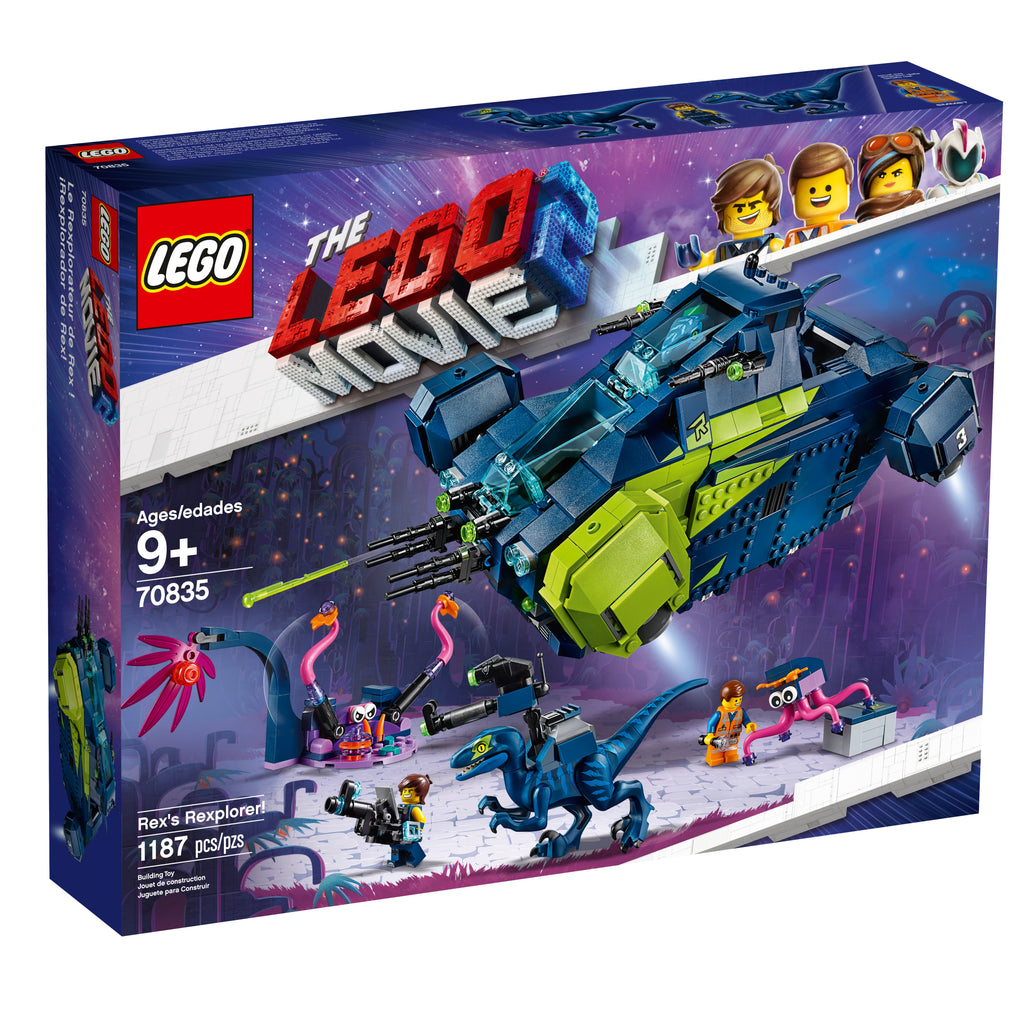 70835 Rex's Rexplorer! – Bricks and Minifigs Huntsville AL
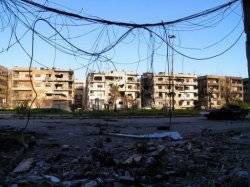 Syrian regime assaults rebel stronghold Homs 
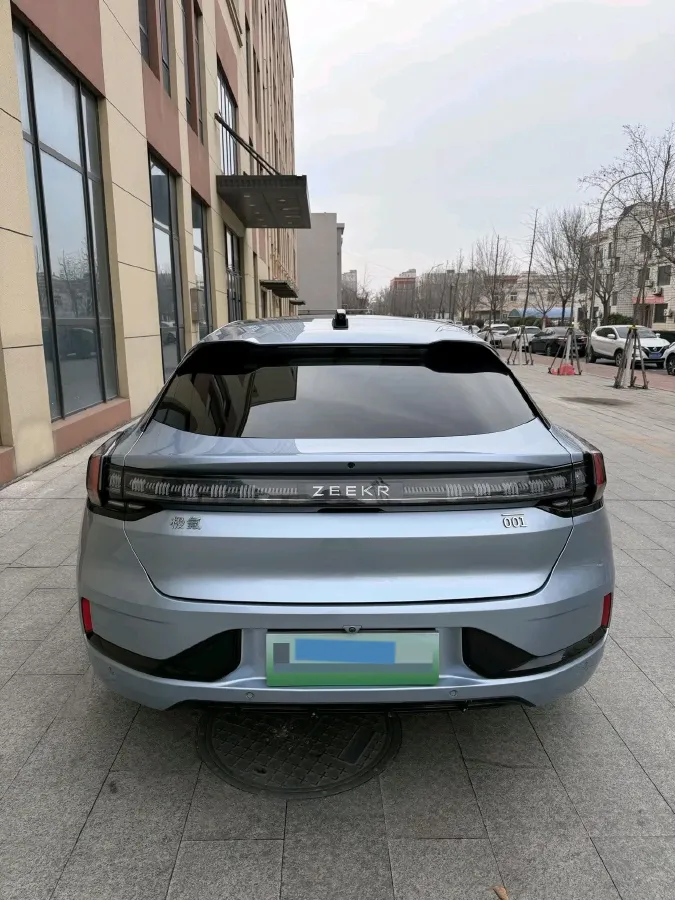 2022 Zeekr 001 BEV 100KWH,autocango,china used car exporter,china ev exporter,chinese used car exporter,chinese used ev exporter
□ □ □ □ □ □ □
**Aim of the exercise**
With the pictures left out, return the listing above exactly as it stands.

**Problem solution**
 70835 Rex's Rexplorer! – Bricks and Minifigs Huntsville AL
 Syrian regime assaults rebel stronghold Homs 
 2022 Zeekr 001 BEV 100KWH,autocango,china used car exporter,china ev exporter,chinese used car exporter,chinese used ev exporter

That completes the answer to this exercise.